* Problem statement:
Reproduce exactly the lines below, from the first one through the line containing "Elegant Navy Fringe Trim Tweed Maxi Coat", and omit any pictures.

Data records
┄┄┄┄┄┄┄┄┄┄┄┄┄┄┄┄┄┄┄┄
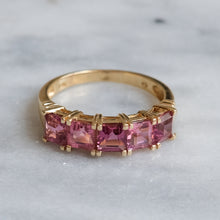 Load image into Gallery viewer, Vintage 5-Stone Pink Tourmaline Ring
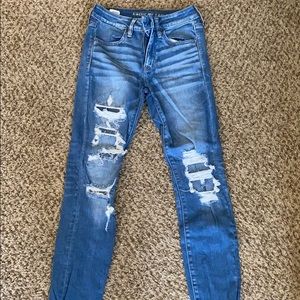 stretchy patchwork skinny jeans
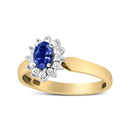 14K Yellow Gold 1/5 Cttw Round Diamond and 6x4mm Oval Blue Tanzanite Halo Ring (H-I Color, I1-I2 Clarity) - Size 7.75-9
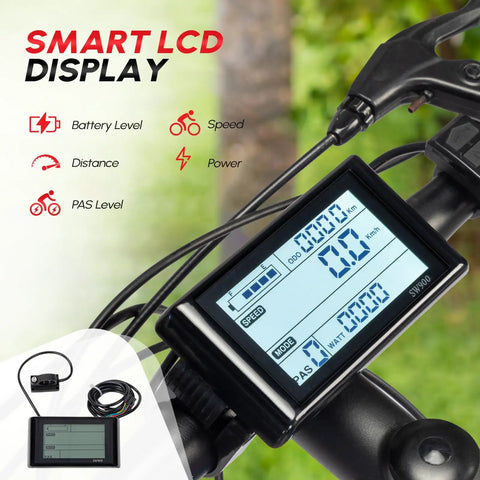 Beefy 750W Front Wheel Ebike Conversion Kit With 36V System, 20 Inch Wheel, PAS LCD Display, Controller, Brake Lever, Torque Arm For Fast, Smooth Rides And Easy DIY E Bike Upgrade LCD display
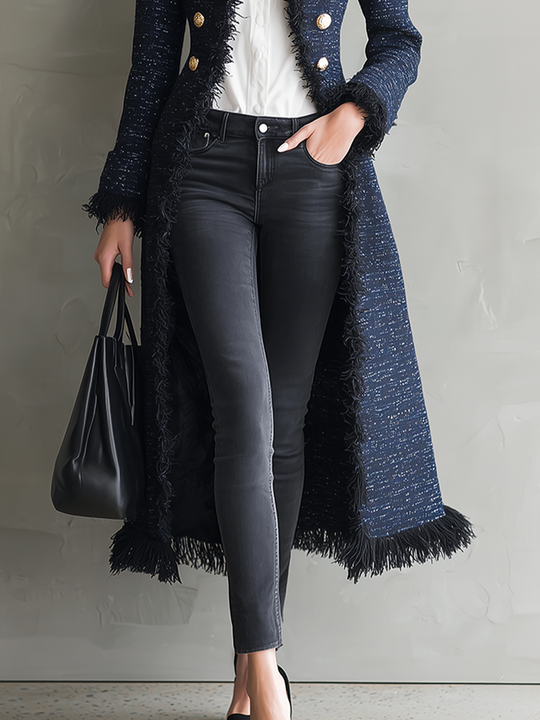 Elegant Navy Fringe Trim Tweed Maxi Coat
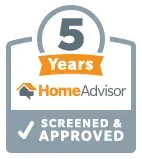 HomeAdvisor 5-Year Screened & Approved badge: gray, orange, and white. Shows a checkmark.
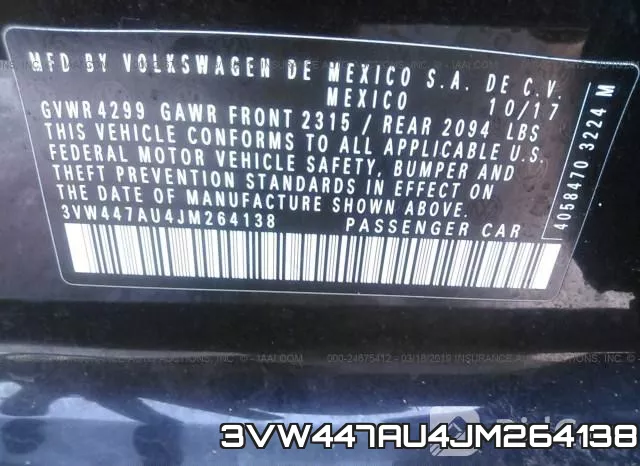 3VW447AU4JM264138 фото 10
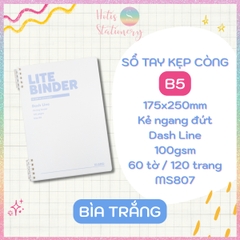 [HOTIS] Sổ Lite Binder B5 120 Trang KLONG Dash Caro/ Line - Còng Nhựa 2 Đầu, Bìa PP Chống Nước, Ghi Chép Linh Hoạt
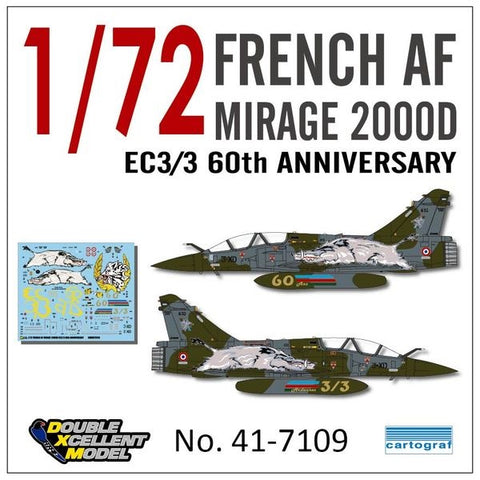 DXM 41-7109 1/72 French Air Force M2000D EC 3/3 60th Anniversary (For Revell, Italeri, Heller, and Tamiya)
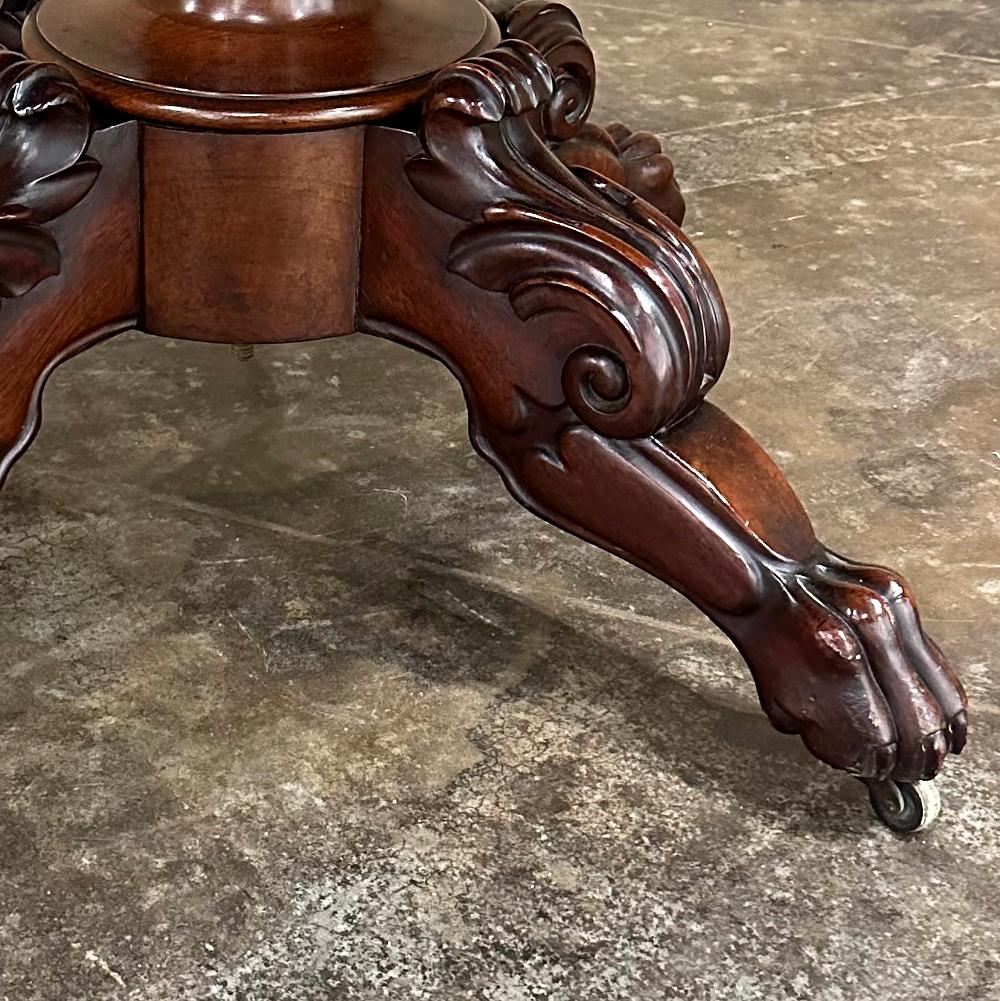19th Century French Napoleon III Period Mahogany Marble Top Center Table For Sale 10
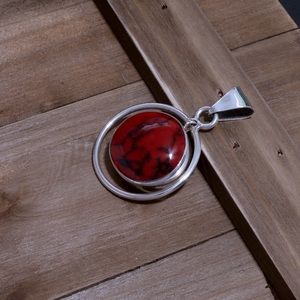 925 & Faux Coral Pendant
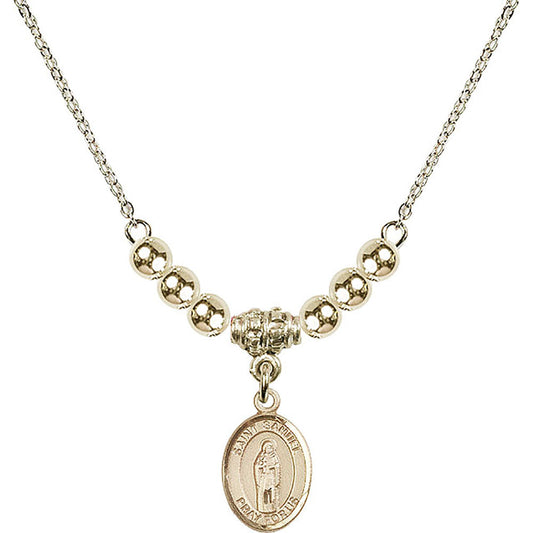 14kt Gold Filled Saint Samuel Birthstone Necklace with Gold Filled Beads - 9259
┄┄┄┄┄┄┄┄┄┄┄┄┄┄┄┄┄┄┄┄
* Solution to the problem:
 Load image into Gallery viewer, Vintage 5-Stone Pink Tourmaline Ring
 stretchy patchwork skinny jeans
 14K Yellow Gold 1/5 Cttw Round Diamond and 6x4mm Oval Blue Tanzanite Halo Ring (H-I Color, I1-I2 Clarity) - Size 7.75-9
 Beefy 750W Front Wheel Ebike Conversion Kit With 36V System, 20 Inch Wheel, PAS LCD Display, Controller, Brake Lever, Torque Arm For Fast, Smooth Rides And Easy DIY E Bike Upgrade LCD display
 Elegant Navy Fringe Trim Tweed Maxi Coat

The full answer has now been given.